Down in Latin America, the Bears’ chronic instability plays differently. In Buenos Aires bars, porteños toast every new Chicago head coach with Fernet and knowing smirks: another general arrives promising “cultural change” while inheriting $60 million in dead cap space and a playbook last updated during the Clinton administration. To nations well-versed in currency devaluation and revolving-door governments, the Bears’ 12-year playoff-win drought feels almost nostalgic—like watching an old telenovela where you already know the evil twin dies in episode 87.
Asia has begun outsourcing schadenfreude. South Korean esports commentators now break down Bears red-zone inefficiencies the way they once parsed StarCraft micro. Chinese streaming platforms run late-night call-in shows where insomniac fans vent about Justin Fields’ footwork while Beijing’s censors look the other way, grateful for apolitical despair. Even Pyongyang’s state TV has reportedly clipped the double-doink field-goal miss for a propaganda segment titled “The Inevitable Failure of Capitalist Spectacle.”
What unites these disparate reactions is the universal comfort of distant tragedy. Watching the Bears flail allows the rest of the planet to feel, briefly, superior. The French can shrug, “At least our trains run on time.” Australians can chuckle, “Sure, our wildlife wants us dead, but we never wasted the No. 2 overall pick on Mitch Trubisky.” In a fractured world, collective mockery of Chicago’s quarterback carousel is the closest thing we have to multilateralism.
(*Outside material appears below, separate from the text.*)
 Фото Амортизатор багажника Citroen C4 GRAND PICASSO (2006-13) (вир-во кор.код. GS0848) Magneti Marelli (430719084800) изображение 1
Of course, cynicism has its limits. There remains something perversely noble about the Bears’ refusal to accept entropy. Each September, hope resurfaces like a cicada—loud, fragile, briefly deafening. It is the same delusion that keeps humanity buying lottery tickets and climate accords. The global lesson? We are all, in some sense, Bears fans: irrationally convinced that this year the rebuild finally works, that the defense won’t blow a 20-point lead, that the arc of history bends toward a competent passing game.
The season will end, as seasons do, with a meaningless Week-18 victory that drops the draft pick six slots. Somewhere in Nairobi or Naples, an insomniac will watch the final whistle and feel oddly consoled. The world keeps spinning, empires keep stumbling, but at least we’re not alone in our beautiful, catastrophic optimism.
And that, dear reader, is why the Chicago Bears matter: they are the comforting proof that spectacular futility is not just a local phenomenon—it’s the human condition, conveniently scheduled for prime time.